Аналогия с крыловской басней прихрамывает и в том смысле, что наш «слон» стоит где-то в стороне, но сам построен из «букашек».

Понравилось, что размышления Кричевского здорово дополняются примерами из оформительской практики. В разворотах старинных и современных книг видна любовь автора к собирательству предметов, связанных с делом всей жизни.

Теперь — «О шрифте» Владимира Фаворского.

Владимир Фаворский — это именитый советский шрифтовик, дизайнер-график, теоретик искусства. Книголюбам он известен как мастер линогравюры. Его работами украшены издания Пушкина, Шекспира, а также десятки других книг, журналов и сборников.

Книга состоит из трёх частей: пара предисловий от Максима Жукова и Юрия Герчука, сочинение самого Фаворского о шрифте, а также сборник его лучших работ.

В мире советского искусства Фаворский пользовался особым статусом — как Пастернак в мире советской литературы. Оставаясь в стороне от «генерального направления» (социалистического реализма), он вёл жизнь затворника, проживая в собственном доме на дальней окраине Москвы. В последние годы жизни он вообще не появлялся на публике: тяжелый недуг приковал его к постели. Он принимал посетителей, как нам говорили, изредка и избирательно. Одному из моих однокурсников посчастливилось повидать Мастера; после хаджа в Новогиреево, где в своём Красном доме жил Фаворский, степень его популярности на курсе зашкаливала.

Размышления Фаворского для меня оказались слишком круты — можно сломать свой молочный шрифтовой зуб. Зато работы мастера поразглядывал с удовольствием.

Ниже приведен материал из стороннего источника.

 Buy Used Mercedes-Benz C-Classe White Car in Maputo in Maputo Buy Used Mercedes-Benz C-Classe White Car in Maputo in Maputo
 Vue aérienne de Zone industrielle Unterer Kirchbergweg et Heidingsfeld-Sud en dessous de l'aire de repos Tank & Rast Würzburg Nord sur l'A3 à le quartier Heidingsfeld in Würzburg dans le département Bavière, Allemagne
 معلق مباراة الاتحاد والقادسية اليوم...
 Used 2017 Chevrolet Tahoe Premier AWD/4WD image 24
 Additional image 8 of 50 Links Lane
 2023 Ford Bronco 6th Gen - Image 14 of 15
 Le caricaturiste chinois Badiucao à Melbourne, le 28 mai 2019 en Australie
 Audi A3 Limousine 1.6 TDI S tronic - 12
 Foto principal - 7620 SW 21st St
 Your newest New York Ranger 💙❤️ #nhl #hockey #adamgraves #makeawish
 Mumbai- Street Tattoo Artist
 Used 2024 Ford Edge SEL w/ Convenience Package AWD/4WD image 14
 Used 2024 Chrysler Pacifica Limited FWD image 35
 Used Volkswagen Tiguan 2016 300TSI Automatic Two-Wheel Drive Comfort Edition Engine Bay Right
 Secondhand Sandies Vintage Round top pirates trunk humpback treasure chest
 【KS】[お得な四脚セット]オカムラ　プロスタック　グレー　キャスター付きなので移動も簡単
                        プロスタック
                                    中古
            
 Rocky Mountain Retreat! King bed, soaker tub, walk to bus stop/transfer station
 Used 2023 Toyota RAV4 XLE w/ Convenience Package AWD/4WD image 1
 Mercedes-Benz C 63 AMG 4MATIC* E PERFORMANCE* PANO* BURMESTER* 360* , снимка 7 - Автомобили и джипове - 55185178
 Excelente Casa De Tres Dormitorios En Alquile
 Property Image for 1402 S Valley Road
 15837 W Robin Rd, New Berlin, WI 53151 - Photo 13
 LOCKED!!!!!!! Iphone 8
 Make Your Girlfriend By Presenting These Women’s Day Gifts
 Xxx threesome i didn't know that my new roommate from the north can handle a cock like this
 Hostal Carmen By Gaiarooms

Мастер-класс Юрия Сапрыкина о городской журналистике

Побывал на мастер-классе Юрия Сапрыкина о городской журналистике. В десяти лекциях Юрий рассказывал о том, как появились современные медиа о Москве и других городах. На мастер-классе почти не было ничего о том, как писать. Зато было много о том, как писали другие, как думать о городе (и как думали другие). Мы говорили о Гиляровском и Памуке, вспоминали байки и истории, спорили и размышляли. На мой взгляд, получилось здорово. Юрий — отличный рассказчик, а мы старались быть благодарными слушателями.

Эти две недели меня здорово вдохновили, и познакомили с классными людьми. Во время мастер-класса я вёл небольшой конспект. Понимаю, что его будет трудно читать в отрыве от контекста, но выложу. Фоном для конспекта будут фотографии, которые я снимал во время нашей совместной прогулки по ВДНХ.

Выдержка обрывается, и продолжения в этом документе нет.